Chez la Biélorusse Alexandra Catiere, chaque image semble surgie d’un monde ancien, hanté par la beauté éphémère des choses. Ses fleurs, parfois flétries, souvent entremêlées, ne fanent pas tout à fait. « Pour lui faire plaisir, j’ai coloré deux tirages, l’un en rouge et l’autre en cyan », raconte-t-elle à propos d’une photo prise dans une maison de retraite où elle effectuait un stage photographique, hommage discret à la dame en charge du fleurissement quotidien de ce havre. Cette tendresse habite toute son œuvre, de ses pommes inspirées de Morandi, « le seul fruit disponible en Biélorussie », à ses cerises, « fruits défendus », photographiées aux États-Unis dans une lumière quasi mystique.

Les tirages d’Alexandra Catiere sont minutieusement élaborés et portent les traces d’un lent travail d’apparition, d’un grand soin. Les corps s’y voient ou s’effacent, les silhouettes dansent avec le vent et la nature. Les plantes semblent garder une trace de vie et de nostalgie. « L’essence des choses se voit mieux de loin », dit-elle.
Face à elle, le Belge flamand Thomas Vandenberghe parle avec d’autres fragments, d’autres effusions. Petits formats, grande intensité. Dans ses images de fleurs, de plis ou de bustes penchés, il brouille les frontières : nature morte ou portrait de femme ? Féminité ou végétal ? « Qui n’aime pas les fleurs ? », dit-il, malicieux.

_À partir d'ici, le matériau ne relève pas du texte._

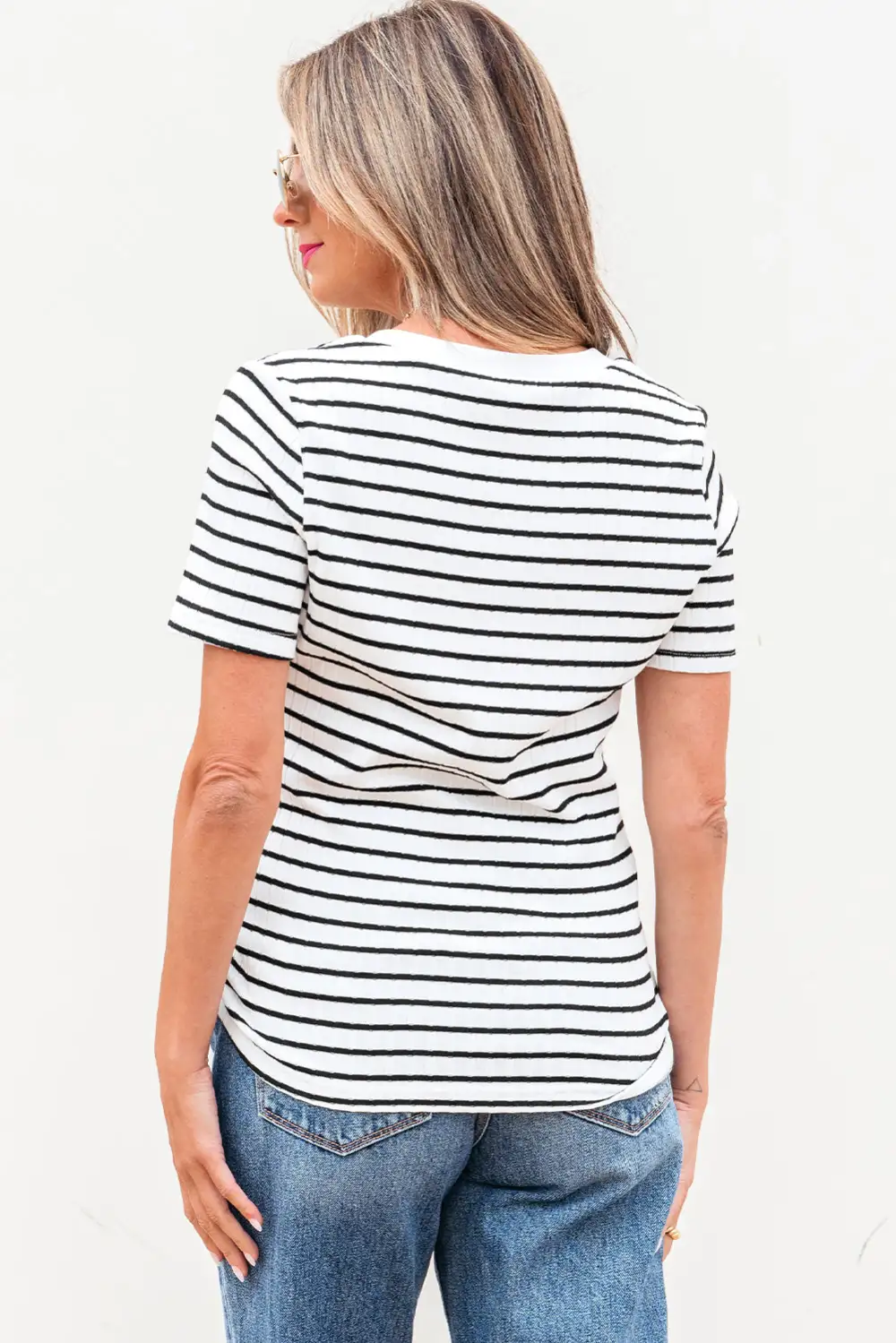 Textured Short Sleeve Buttoned Tee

Ce tireur de formation, travaillant essentiellement en chambre noire, joue de la chimie argentique comme d’un instrument vivant, juxtaposant, brûlant, recollant, jusqu’à faire naître des « instantanés de vérité ».
Un visage disparaît sous un fragment de planche-contact, une main décline ses gestes en séquences d’ombres et de lumière, et les fleurs deviennent presque un souvenir. Dans cette exposition, les confusions sont fécondes. Les répétitions des sujets sont autant de variations.


Entre la douceur méditative de Catiere et la poésie brute de Vandenberghe, la galerie In Camera orchestre un tête-à-tête sensible où la photographie devient langage de l’intime et de la nature. Les fleurs parlent, les corps deviennent nature morte, et le noir et blanc révèle — avec pudeur — ce monde invisible.
Exposition Alexandra Catiere & Thomas Vandenberghe — Galerie In Camera, Paris 7e — jusqu’au 31 mai 2025.